Daphne Kalotay is the author of the acclaimed short story collection Calamity and Other Stories (Doubleday, 2005) and the novel Russian Winter (Harper, 2010). The latter, a critically lauded tale of a former Bolshoi Ballet star and the stirring of her secret past, is now out in paperback. We checked in with Daphne with a nano-interview – just in time for a June 14 reading at Porter Square Books in Cambridge.
What artist do you most admire but work nothing like?
Stravinsky apparently did a headstand every day before starting work. I often do yoga first thing in the morning, but it has yet to turn me into an experimental genius.
What’s the best/worst day job you’ve ever had?
The worst job I had was at a copy shop, the summer before I went to college. Not only was it mind-crushingly boring, but it of course also meant dealing with finicky photocopiers and documents that were suddenly too long or too small or had staples that needed to be removed, or some other frustration…. Everyone has at some point had to deal with jammed printer paper or toner getting smeared all over everything – but imagine doing that all day long.
As for the best job, I have it right now, in that I’m giving myself a chance to write full-time. If only the job came with a salary and health coverage, then it would be perfect.
Share a surprise twist in the Daphne Kalotay story.
My novel, Russian Winter, is coming out in Macedonian.

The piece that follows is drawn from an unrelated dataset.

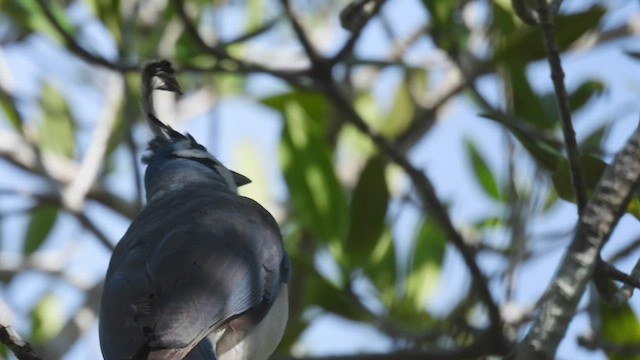 White-throated Magpie-Jay - ML451469751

I didn’t even know what the language was and had to look it up. Of course it’s thrilling to see your book in any foreign language, and just knowing that readers in another country have access to it is profoundly moving. But it’s even stranger when the letters are Cyrillic or Korean or some other characters you’re completely unable to read. The surprising thing to me is not just that foreign publishers have taken my novel under their wing but that it’s now coming out in less-common languages. I call it a surprise twist, because who would have thought such a thing would happen for a a traditional, realistic novel by a writer whose work is usually described as “quiet?” In fact, my first book was described even less glamorously, as “stories of ordinary life.”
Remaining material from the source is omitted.